Data supplied →
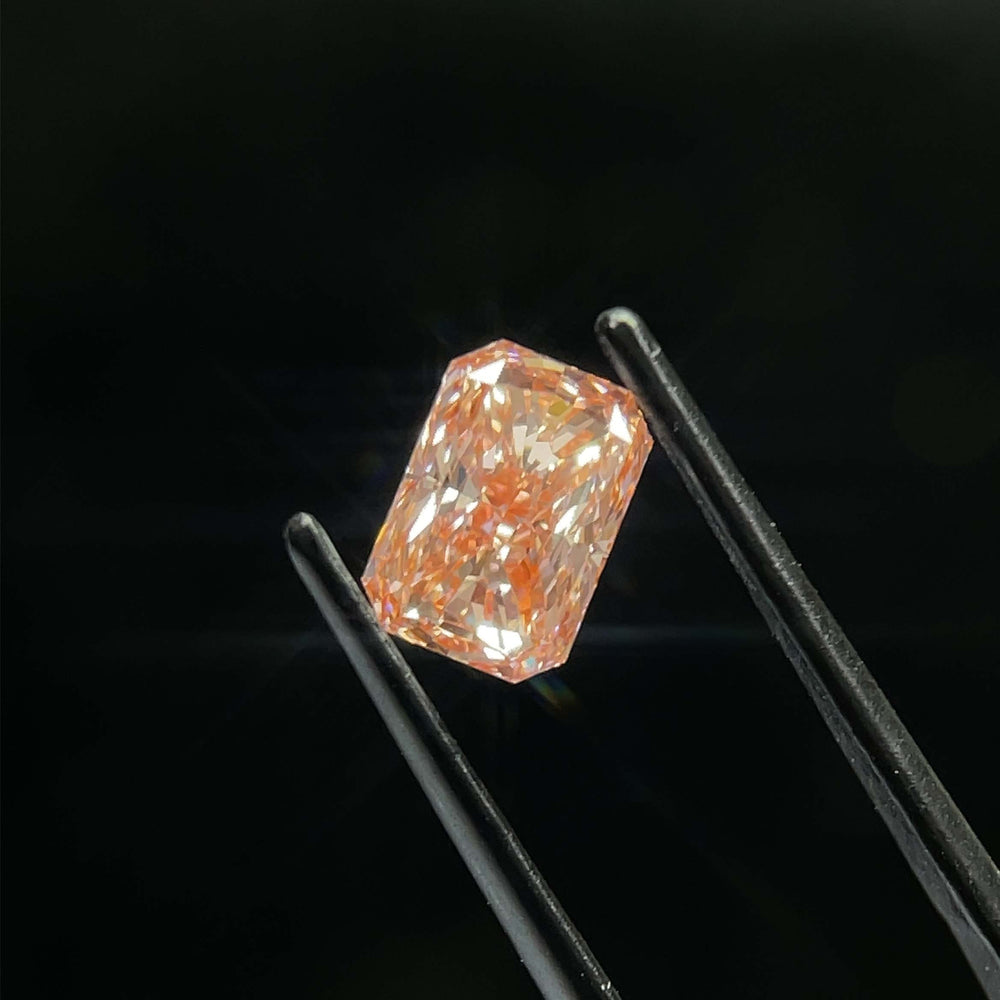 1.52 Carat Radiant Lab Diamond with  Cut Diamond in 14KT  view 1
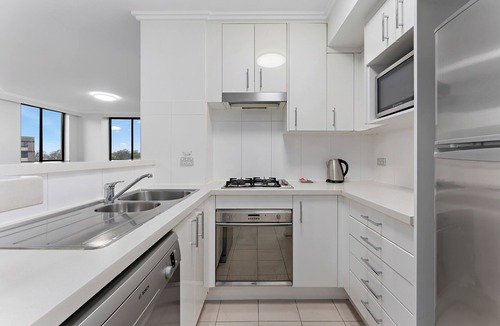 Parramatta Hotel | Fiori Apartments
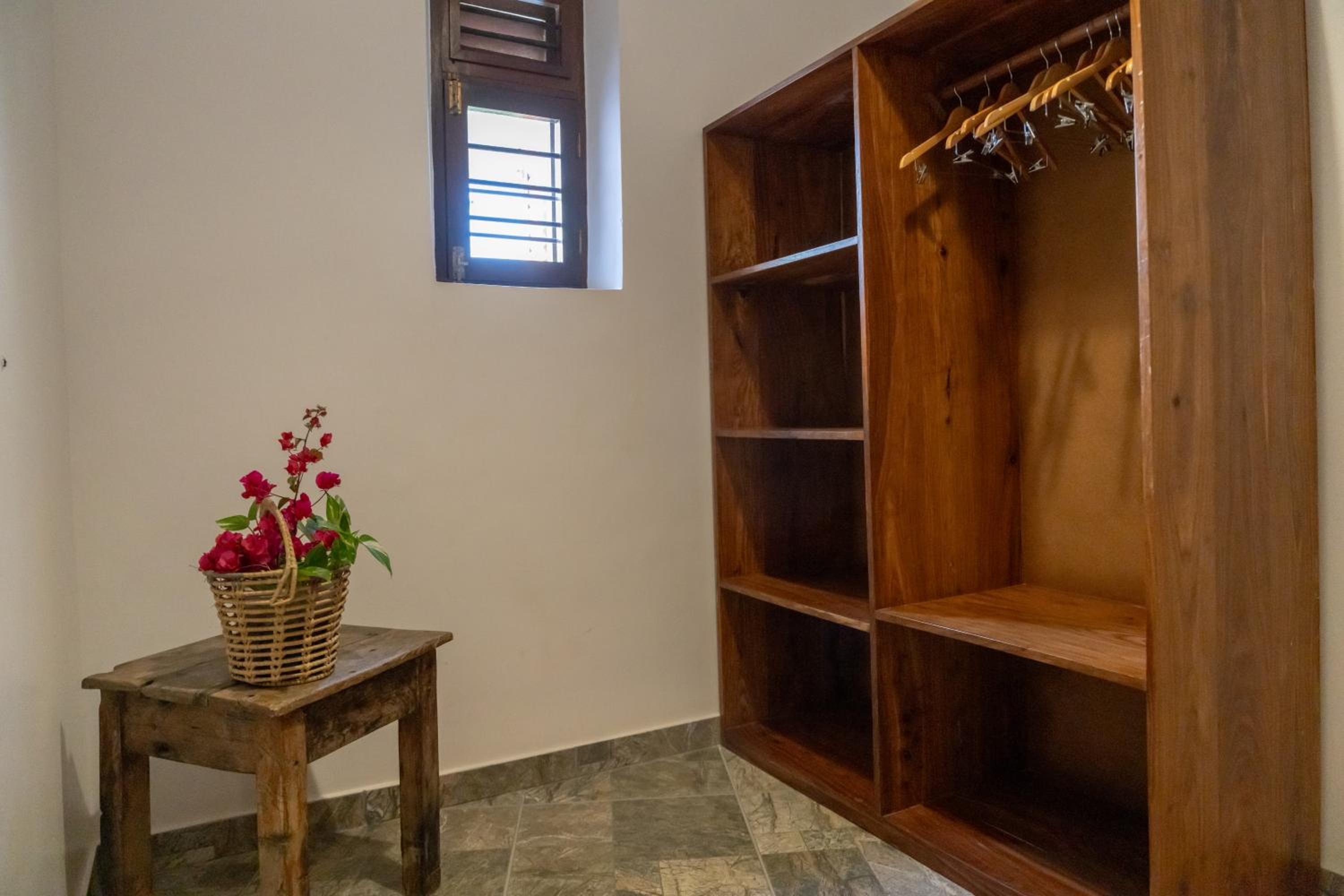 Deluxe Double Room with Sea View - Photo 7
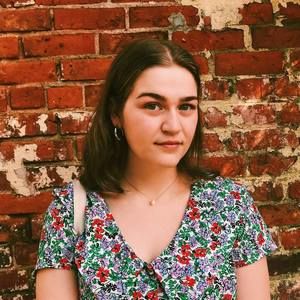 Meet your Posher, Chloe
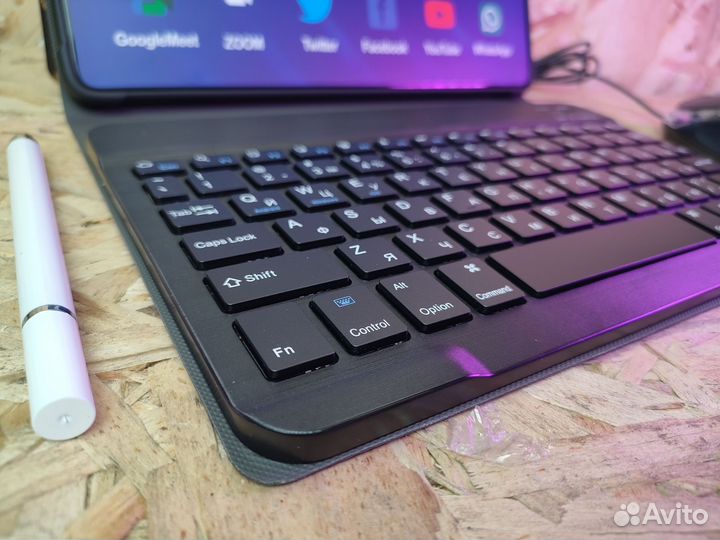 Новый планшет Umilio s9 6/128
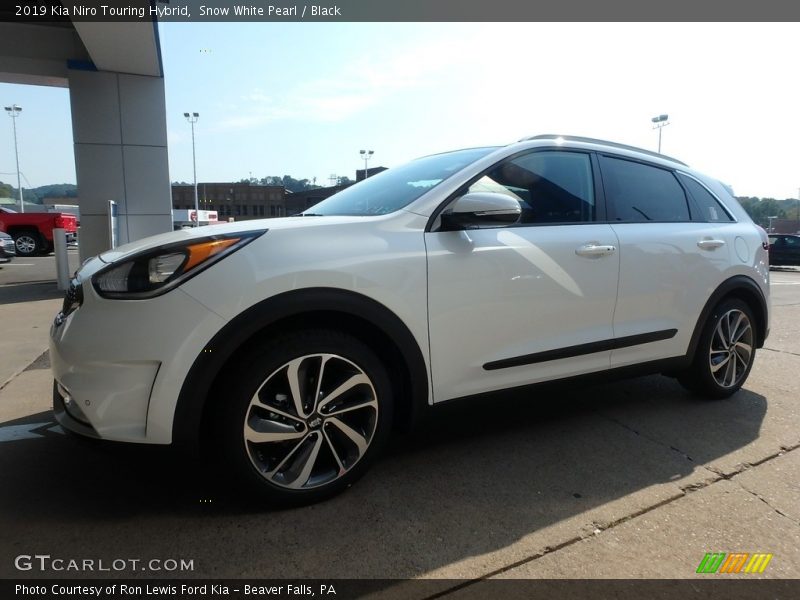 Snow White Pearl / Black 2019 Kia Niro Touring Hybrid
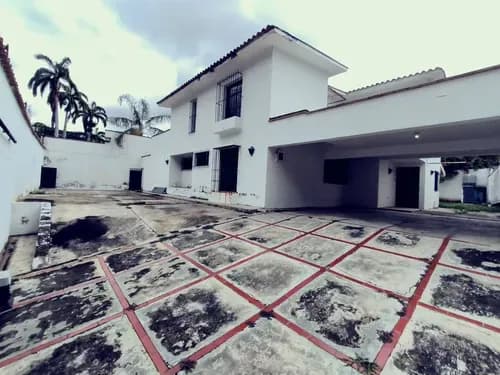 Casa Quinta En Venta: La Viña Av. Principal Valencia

Your task →
Each record should be given again exactly, with no picture carried over.

Result →
 1.52 Carat Radiant Lab Diamond with  Cut Diamond in 14KT  view 1
 Parramatta Hotel | Fiori Apartments
 Deluxe Double Room with Sea View - Photo 7
 Meet your Posher, Chloe
 Новый планшет Umilio s9 6/128
 Snow White Pearl / Black 2019 Kia Niro Touring Hybrid
 Casa Quinta En Venta: La Viña Av. Principal Valencia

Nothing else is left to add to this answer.